What you should do:
Exactly the lines below, starting with the one containing "X-LADY CHRISTMAS BELL" and going on through the one containing "Maroon Machine Knitted", must be reproduced, both ends included, and no pictures with them.

Source material:
··········
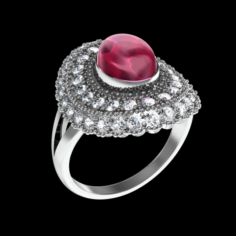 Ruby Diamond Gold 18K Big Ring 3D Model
··········
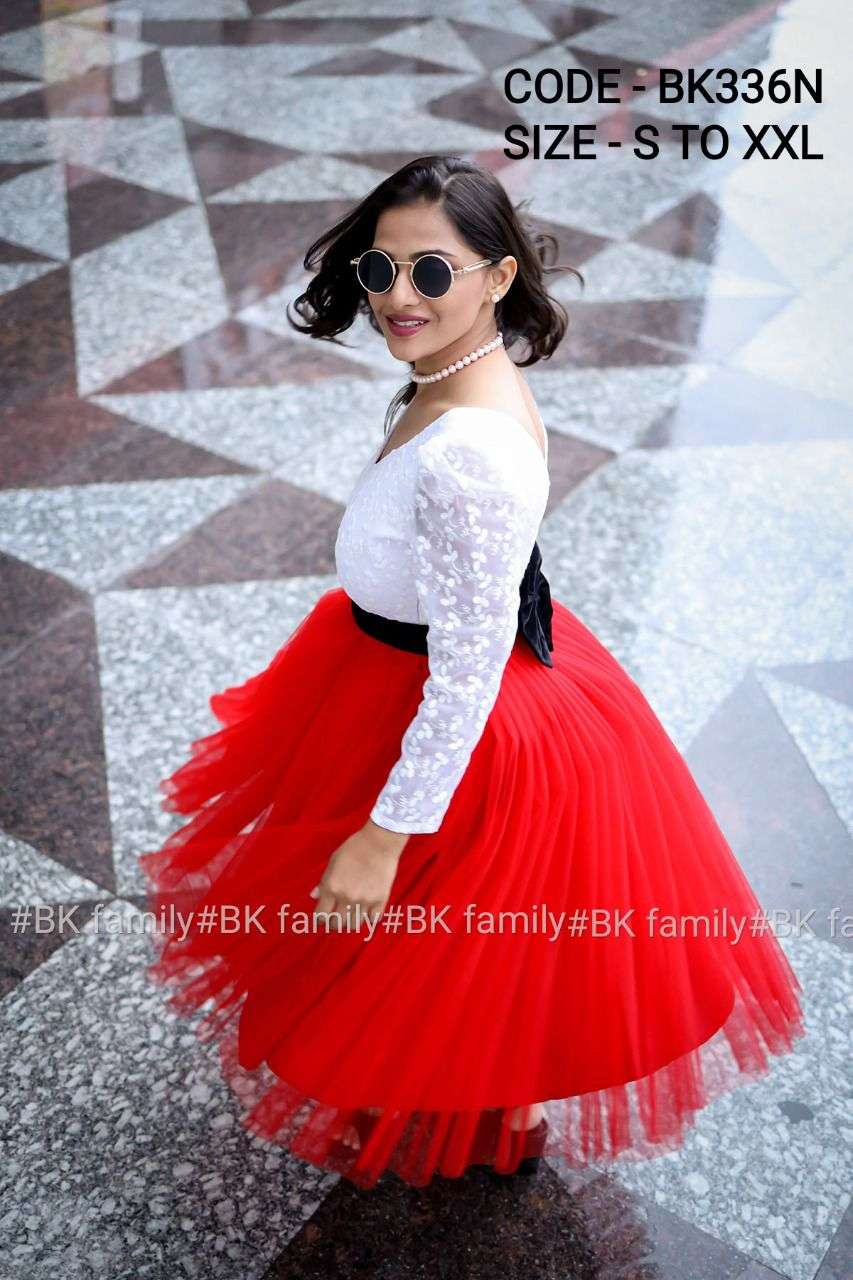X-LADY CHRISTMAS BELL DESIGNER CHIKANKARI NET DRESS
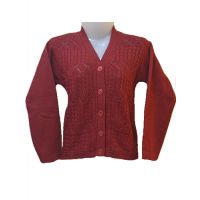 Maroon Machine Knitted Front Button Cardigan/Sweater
··········
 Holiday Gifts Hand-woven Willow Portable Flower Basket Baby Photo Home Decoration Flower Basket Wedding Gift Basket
··········
Answer space:
X-LADY CHRISTMAS BELL DESIGNER CHIKANKARI NET DRESS
 Maroon Machine Knitted Front Button Cardigan/Sweater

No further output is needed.